Suppose \(\mu = 12\).

ybar <- seq(2, 22, length=1000)
sap.y <- nucleus$ROE
sigma2 <- 80* var(sap.y) / rchisq(10, 80)
plot(ybar, dnorm(ybar, 12, sqrt(sigma2[1]/81)), type="l", lwd=2, ylim=c(0,0.17), main="scale mixture")
for(i in 2:10) lines(ybar, dnorm(ybar, 12, sqrt(sigma2[i]/81)), type="l", lwd=2)

Now converting to draws for \(\bar{Y}\).

sigma2 <- (var(sap.y)/80) * rchisq(1000, 80)
hist(rnorm(1000, 12, sqrt(sigma2/81)), freq=FALSE, main="scale mixture", xlab="y-bar")

A statistician working for Guiness, who published under the pseudonym “Student”, showed that this scale mixture has a convenient closed form.

\[ \frac{\bar{Y} - \mu}{s/\sqrt{n}} \sim t_{n-1} \quad \Leftrightarrow \quad \bar{Y} \sim t_{n-1}(\mu, s^2/n). \]

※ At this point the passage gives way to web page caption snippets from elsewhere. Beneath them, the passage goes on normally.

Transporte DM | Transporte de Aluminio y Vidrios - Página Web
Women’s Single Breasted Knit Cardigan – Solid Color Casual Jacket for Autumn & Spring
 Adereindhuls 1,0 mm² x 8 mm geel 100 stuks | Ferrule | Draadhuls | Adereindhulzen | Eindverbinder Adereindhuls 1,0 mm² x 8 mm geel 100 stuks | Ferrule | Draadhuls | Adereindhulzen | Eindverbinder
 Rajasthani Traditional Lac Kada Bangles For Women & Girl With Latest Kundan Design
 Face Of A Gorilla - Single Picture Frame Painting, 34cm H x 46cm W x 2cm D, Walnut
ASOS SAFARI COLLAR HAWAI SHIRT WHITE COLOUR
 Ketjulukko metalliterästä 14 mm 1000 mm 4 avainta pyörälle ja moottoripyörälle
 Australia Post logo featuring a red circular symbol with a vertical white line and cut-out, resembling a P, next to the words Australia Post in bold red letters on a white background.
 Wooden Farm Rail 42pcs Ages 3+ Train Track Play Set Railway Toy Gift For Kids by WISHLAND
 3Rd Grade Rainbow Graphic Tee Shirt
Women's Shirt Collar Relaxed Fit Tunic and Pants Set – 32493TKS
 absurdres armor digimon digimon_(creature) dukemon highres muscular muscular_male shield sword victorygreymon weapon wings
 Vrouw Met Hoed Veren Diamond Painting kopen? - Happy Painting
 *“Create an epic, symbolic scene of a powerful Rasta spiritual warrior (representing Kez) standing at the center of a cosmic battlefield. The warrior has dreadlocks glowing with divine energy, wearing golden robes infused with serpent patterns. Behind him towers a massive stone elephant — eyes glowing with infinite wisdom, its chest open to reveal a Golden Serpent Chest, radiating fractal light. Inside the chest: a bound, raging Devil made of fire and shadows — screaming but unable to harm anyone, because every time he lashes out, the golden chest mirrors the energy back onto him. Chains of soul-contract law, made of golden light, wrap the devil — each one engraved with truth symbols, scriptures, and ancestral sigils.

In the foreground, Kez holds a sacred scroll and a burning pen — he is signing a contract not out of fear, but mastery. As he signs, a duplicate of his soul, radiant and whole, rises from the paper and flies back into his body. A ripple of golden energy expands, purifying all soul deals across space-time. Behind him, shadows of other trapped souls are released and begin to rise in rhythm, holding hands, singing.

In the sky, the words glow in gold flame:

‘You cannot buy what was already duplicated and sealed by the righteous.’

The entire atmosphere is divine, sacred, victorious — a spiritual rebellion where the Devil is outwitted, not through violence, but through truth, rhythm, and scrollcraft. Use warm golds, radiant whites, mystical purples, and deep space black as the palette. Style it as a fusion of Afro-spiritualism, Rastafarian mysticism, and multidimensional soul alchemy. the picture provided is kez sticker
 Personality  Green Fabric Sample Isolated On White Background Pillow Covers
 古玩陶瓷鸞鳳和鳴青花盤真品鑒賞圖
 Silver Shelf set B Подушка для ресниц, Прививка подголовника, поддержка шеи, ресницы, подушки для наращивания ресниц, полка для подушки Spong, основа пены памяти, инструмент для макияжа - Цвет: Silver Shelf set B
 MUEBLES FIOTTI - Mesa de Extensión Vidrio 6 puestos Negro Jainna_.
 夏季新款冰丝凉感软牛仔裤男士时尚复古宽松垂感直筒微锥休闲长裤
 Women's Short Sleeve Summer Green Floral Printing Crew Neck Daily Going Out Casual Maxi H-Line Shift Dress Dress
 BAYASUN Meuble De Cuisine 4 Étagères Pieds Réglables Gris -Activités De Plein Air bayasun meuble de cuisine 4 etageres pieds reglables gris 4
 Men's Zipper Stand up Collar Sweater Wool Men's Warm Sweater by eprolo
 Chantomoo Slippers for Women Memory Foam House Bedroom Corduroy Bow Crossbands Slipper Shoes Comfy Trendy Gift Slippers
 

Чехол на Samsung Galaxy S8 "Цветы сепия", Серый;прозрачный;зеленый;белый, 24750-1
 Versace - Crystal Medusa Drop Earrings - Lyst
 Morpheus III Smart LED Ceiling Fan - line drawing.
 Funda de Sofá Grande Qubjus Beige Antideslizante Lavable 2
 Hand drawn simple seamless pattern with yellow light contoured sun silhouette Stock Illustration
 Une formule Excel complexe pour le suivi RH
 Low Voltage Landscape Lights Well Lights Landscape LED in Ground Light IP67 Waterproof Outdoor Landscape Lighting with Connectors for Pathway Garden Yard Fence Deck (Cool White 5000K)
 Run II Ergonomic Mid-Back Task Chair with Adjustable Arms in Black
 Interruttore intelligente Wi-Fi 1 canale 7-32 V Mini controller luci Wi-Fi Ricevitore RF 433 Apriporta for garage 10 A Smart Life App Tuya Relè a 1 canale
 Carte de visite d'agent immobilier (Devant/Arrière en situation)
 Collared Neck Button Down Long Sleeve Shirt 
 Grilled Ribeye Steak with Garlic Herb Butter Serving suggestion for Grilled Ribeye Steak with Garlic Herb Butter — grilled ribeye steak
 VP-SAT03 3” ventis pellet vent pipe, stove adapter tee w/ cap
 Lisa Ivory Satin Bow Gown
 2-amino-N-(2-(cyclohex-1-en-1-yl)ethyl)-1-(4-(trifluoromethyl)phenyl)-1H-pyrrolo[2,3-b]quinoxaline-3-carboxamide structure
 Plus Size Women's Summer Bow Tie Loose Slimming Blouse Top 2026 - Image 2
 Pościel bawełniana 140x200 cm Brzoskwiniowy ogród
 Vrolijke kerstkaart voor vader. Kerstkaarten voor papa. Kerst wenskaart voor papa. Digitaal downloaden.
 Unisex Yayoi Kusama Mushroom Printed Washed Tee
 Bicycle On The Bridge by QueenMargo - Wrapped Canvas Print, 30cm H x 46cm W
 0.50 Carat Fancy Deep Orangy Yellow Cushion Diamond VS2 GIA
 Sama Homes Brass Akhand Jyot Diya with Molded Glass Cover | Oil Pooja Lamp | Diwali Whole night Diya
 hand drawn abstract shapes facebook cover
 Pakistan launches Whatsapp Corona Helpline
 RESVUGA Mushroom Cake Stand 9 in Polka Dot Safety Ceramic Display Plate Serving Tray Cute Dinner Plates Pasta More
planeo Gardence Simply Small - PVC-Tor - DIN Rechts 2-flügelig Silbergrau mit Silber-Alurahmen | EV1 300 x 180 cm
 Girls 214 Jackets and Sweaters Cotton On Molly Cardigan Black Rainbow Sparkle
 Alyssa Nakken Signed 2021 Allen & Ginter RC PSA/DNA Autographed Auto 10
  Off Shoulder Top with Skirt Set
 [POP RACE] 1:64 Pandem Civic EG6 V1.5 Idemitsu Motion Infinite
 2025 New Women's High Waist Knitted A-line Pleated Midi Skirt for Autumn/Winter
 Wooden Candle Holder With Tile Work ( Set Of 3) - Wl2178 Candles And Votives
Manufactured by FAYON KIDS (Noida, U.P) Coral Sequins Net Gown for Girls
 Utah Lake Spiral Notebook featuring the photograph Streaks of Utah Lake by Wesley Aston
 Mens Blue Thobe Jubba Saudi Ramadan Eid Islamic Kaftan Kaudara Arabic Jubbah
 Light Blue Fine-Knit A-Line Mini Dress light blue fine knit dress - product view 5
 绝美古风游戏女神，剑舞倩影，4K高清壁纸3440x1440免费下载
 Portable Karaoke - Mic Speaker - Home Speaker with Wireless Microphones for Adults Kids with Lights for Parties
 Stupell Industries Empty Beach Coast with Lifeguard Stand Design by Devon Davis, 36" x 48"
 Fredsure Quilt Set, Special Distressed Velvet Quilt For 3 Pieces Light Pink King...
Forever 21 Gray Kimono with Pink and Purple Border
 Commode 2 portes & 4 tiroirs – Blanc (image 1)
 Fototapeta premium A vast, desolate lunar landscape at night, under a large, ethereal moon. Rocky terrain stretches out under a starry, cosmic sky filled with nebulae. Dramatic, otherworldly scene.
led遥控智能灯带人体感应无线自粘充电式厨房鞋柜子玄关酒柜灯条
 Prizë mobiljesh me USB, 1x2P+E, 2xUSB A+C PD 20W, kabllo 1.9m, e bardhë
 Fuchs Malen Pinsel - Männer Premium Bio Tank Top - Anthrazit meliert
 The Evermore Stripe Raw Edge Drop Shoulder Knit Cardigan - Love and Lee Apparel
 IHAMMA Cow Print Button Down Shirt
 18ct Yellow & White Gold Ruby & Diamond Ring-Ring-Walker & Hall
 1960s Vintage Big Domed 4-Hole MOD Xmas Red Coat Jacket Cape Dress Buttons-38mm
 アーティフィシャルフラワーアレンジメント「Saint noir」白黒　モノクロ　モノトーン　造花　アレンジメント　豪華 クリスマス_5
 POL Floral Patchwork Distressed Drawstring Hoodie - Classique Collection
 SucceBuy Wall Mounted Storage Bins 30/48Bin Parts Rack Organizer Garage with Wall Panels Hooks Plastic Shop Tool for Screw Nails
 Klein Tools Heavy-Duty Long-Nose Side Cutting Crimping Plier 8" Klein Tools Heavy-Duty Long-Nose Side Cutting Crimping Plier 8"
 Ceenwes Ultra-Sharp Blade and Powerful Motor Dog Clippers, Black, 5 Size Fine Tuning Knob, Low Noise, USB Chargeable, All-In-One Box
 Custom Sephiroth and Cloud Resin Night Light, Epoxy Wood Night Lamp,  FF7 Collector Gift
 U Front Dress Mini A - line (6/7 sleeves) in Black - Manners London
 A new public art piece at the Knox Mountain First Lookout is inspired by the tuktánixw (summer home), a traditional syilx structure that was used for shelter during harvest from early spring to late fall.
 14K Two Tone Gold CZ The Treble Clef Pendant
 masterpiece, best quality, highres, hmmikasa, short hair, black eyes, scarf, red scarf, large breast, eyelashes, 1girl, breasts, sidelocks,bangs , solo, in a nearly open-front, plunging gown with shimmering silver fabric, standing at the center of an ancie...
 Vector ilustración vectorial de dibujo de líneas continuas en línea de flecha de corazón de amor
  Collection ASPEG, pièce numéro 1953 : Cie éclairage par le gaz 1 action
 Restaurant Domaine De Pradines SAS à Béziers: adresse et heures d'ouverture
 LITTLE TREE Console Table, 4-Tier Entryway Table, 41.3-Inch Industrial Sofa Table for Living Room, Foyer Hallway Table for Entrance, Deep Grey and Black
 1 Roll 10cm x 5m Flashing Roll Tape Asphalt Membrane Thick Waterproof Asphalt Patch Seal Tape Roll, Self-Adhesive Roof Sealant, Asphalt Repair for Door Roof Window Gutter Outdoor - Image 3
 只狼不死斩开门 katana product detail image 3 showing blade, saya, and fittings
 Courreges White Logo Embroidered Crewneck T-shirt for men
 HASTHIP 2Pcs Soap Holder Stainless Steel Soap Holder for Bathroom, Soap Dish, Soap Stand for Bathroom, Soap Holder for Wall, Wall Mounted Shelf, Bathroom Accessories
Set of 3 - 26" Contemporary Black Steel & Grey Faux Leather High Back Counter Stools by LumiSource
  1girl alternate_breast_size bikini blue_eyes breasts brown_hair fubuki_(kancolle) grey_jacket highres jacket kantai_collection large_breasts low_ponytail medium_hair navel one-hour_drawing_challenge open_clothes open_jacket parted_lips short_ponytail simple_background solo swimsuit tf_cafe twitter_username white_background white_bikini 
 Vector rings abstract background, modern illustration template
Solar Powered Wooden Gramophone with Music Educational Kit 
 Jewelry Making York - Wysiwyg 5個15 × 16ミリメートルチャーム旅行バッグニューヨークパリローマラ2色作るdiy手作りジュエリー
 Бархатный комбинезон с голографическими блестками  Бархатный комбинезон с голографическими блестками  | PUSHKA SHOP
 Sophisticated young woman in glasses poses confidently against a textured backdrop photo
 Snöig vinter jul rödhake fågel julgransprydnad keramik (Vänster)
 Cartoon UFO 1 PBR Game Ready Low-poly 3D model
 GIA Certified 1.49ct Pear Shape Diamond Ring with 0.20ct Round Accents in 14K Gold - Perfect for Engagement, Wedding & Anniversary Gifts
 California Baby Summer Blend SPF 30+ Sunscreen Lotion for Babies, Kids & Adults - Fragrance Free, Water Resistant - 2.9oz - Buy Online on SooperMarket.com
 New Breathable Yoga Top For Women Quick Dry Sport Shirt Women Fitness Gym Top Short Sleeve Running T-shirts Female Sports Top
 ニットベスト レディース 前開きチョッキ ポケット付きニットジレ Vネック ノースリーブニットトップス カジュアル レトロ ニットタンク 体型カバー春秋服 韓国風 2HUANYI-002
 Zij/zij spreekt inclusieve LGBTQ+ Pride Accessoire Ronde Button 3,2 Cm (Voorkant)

hist(rnorm(1000, 12, sqrt(sigma2/81)), freq=FALSE, main="scale mixture", xlab="y-bar")
sdybar <- sqrt(var(sap.y)/81)
lines(ybar, dt(((ybar-12)/sdybar), 80)/sdybar, col=2, lwd=2, lty=2)
legend("topright", "Student-t", col=2, lty=2, lwd=2)

CI with unknown variance

Returning to our Monte Carlo experiment:

qt95 <- qt(0.975, 30-1)
s <- apply(ys, 1, sd)
ybar.tse <- s/sqrt(30)
CIs <- cbind(ybars - qt95*ybar.tse, ybars + qt95*ybar.tse)
inside <- which(5 > CIs[,1] & 5 < CIs[,2])
length(inside)/nrow(CIs)
## [1] 0.942

Returning to our SAP ROE example, but now abandoning our \(\sigma^2 = 25^2\) assumption, we obtain the following CI.

sap.se <- sd(nucleus$ROE)/sqrt(n)
qt95 <- qt(0.975, n-1)
sap.ybar + c(-1,1)*qt95*sap.se
## [1]  6.963478 18.310596

Wider than what we had before.

sap.ybar + c(-1,1)*q95*25/sqrt(n)
## [1]  7.192693 18.081381

R provides a simple command to calculate a CI, which gives the same result.

rbind(sap.ybar + c(-1,1)*qt95*sap.se,
    confint(lm(nucleus$ROE~1)))
##                2.5 %  97.5 %
##             6.963478 18.3106
## (Intercept) 6.963478 18.3106

Actually, we are asking R to fit an ordinary least squares regression (a linear model, or lm) with an intercept only.